--- The problem ---
Below are records with pictures in them; print them exactly, omitting the pictures.

--- Supplied material ---

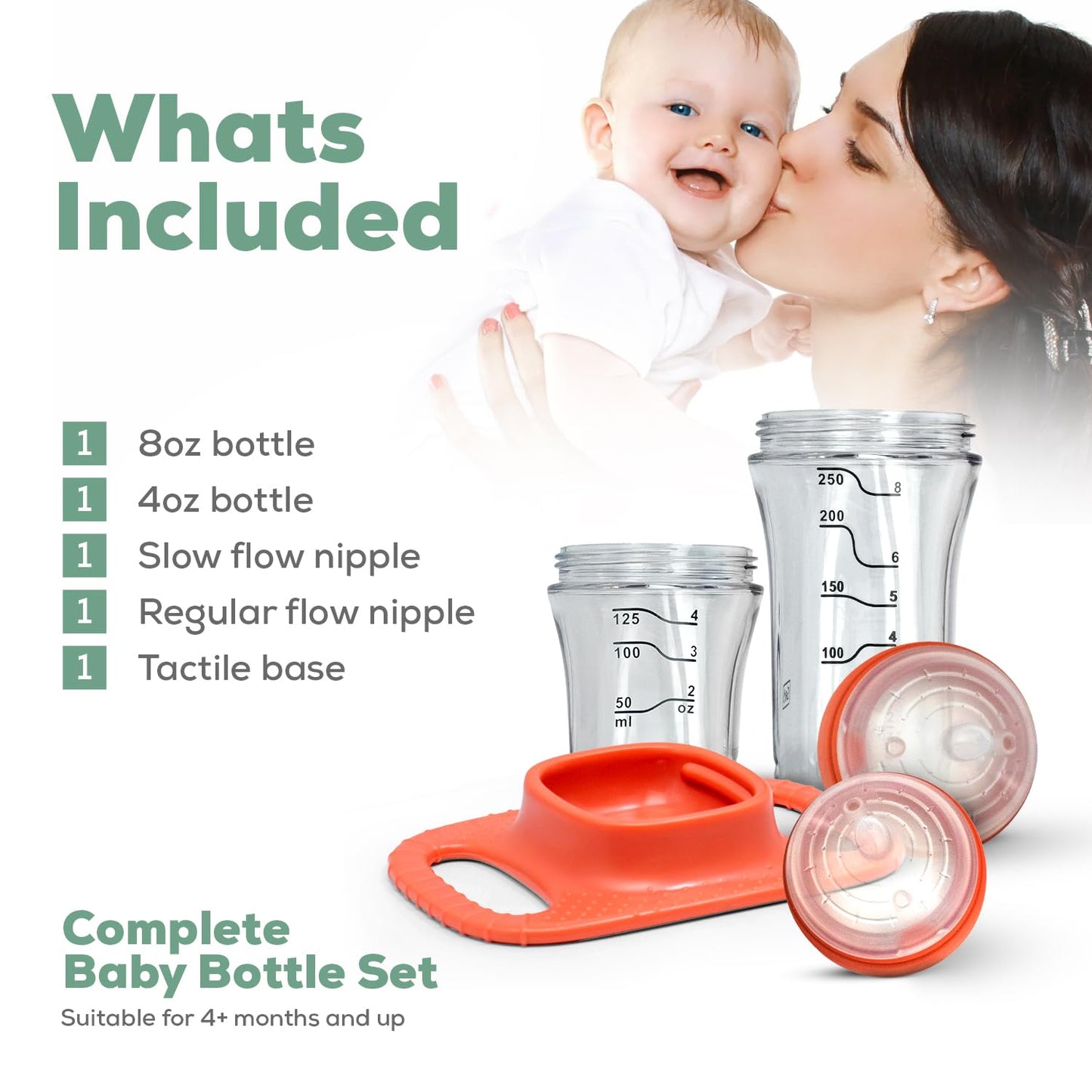 Grio Hold Me System Set (una botella de 4 onzas, una botella de 8 onzas)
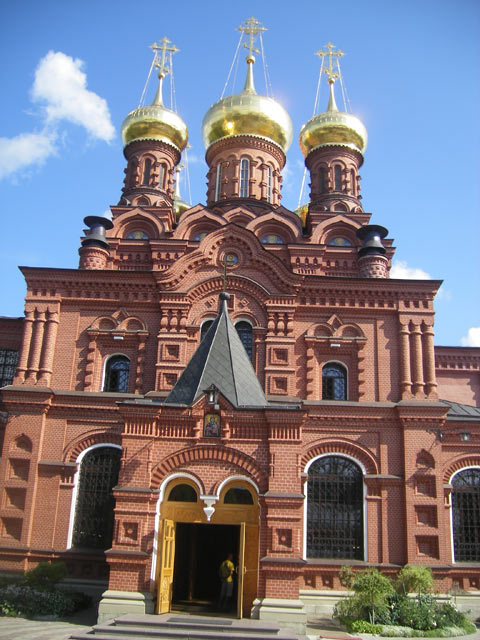 Черниговский храм Гефсиманского пещерного скита Троице-Сергиевой Лавры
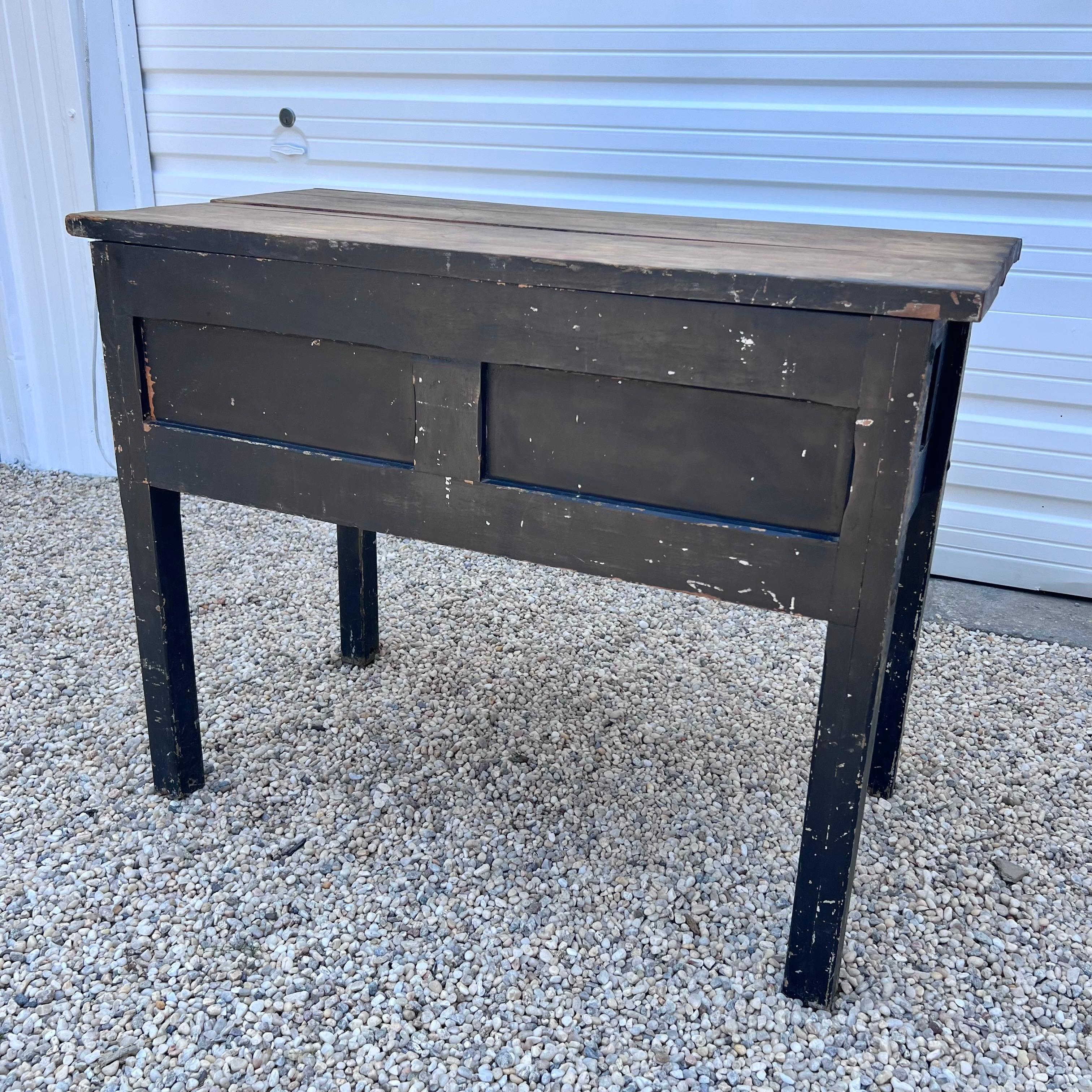 Primitive Office Desk with Built in Stool, 1950s, USA For Sale 6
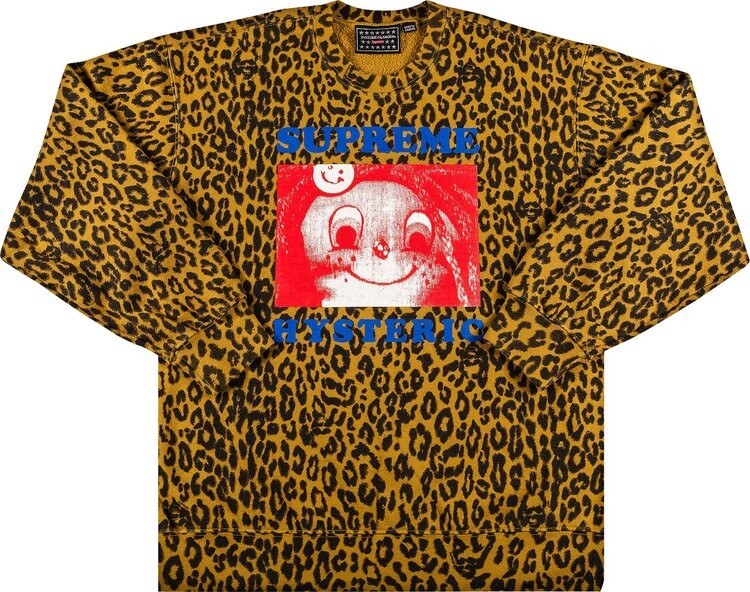 Толстовка Supreme x Hysteric Glamour Crewneck 'Leopard', загар, Коричневый, Толстовка Supreme x Hysteric Glamour Crewneck 'Leopard', загар
Толстовка Supreme x Hysteric Glamour Crewneck 'Leopard', загар, Коричневый, Толстовка Supreme x Hysteric Glamour Crewneck 'Leopard', загар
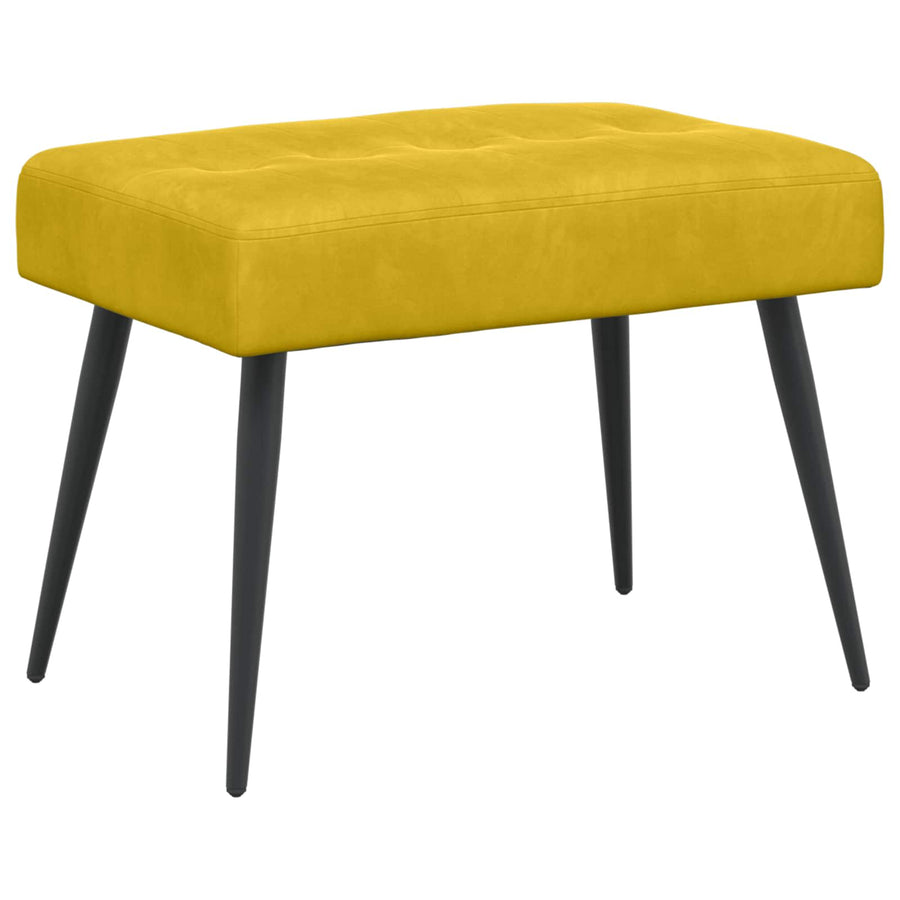 Bank met knoopverstelling Geel 60 x 40 x 45 cm Fluweel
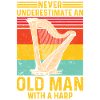 Harpist Harpist Retro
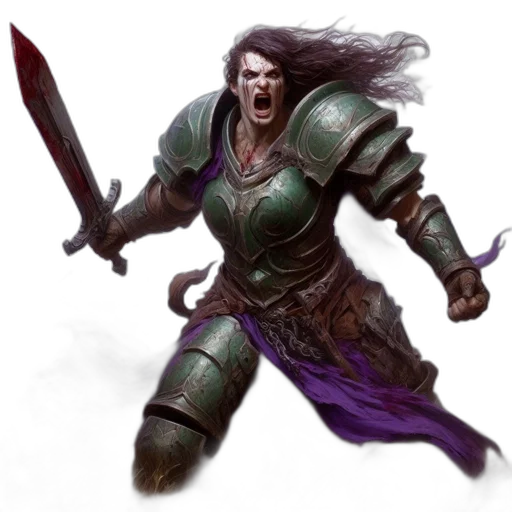 sword, weapon, fantasy art, concept art transparent PNG cut-out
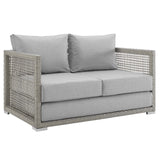 Aura Gray 6 Piece Outdoor Patio Wicker Rattan Set - Ornate Home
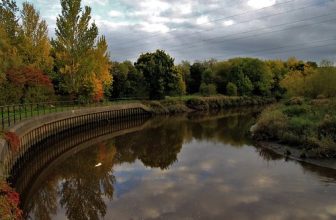 Derwent Walk Country Park, Derwenthaugh park, Gateshead, Tyne & Wear, England.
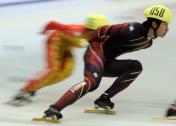 全运会男子短道速滑1500米预赛 隋宝库、李野顺利晋级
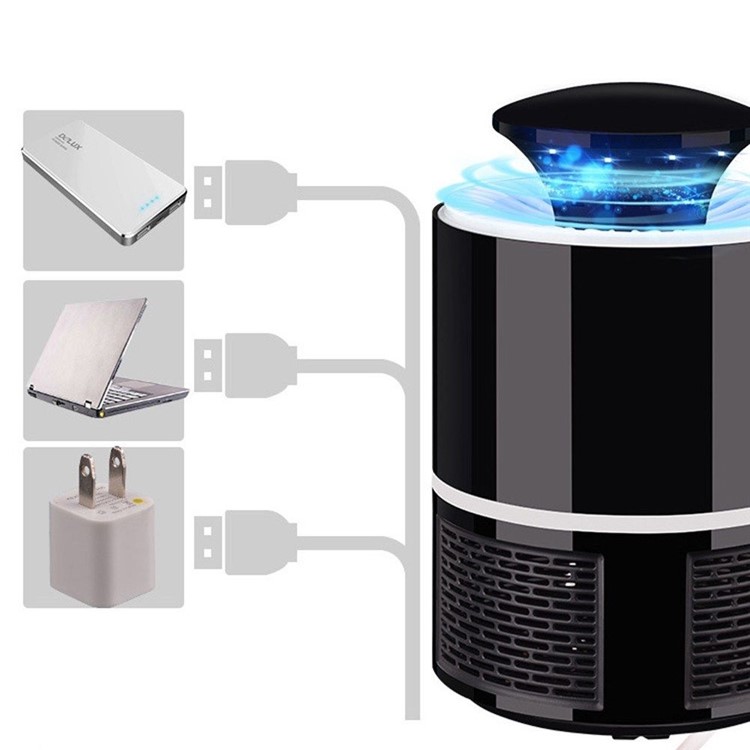 Electric Fly Bug Zapper Mosquito Insect Pest Killer LED Light Trap Lamp - Black-6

--- Problem solution ---
 Grio Hold Me System Set (una botella de 4 onzas, una botella de 8 onzas)
 Черниговский храм Гефсиманского пещерного скита Троице-Сергиевой Лавры
 Primitive Office Desk with Built in Stool, 1950s, USA For Sale 6
 Толстовка Supreme x Hysteric Glamour Crewneck 'Leopard', загар, Коричневый, Толстовка Supreme x Hysteric Glamour Crewneck 'Leopard', загар
Толстовка Supreme x Hysteric Glamour Crewneck 'Leopard', загар, Коричневый, Толстовка Supreme x Hysteric Glamour Crewneck 'Leopard', загар
 Bank met knoopverstelling Geel 60 x 40 x 45 cm Fluweel
 Harpist Harpist Retro
 sword, weapon, fantasy art, concept art transparent PNG cut-out
 Aura Gray 6 Piece Outdoor Patio Wicker Rattan Set - Ornate Home
 Derwent Walk Country Park, Derwenthaugh park, Gateshead, Tyne & Wear, England.
 全运会男子短道速滑1500米预赛 隋宝库、李野顺利晋级
 Electric Fly Bug Zapper Mosquito Insect Pest Killer LED Light Trap Lamp - Black-6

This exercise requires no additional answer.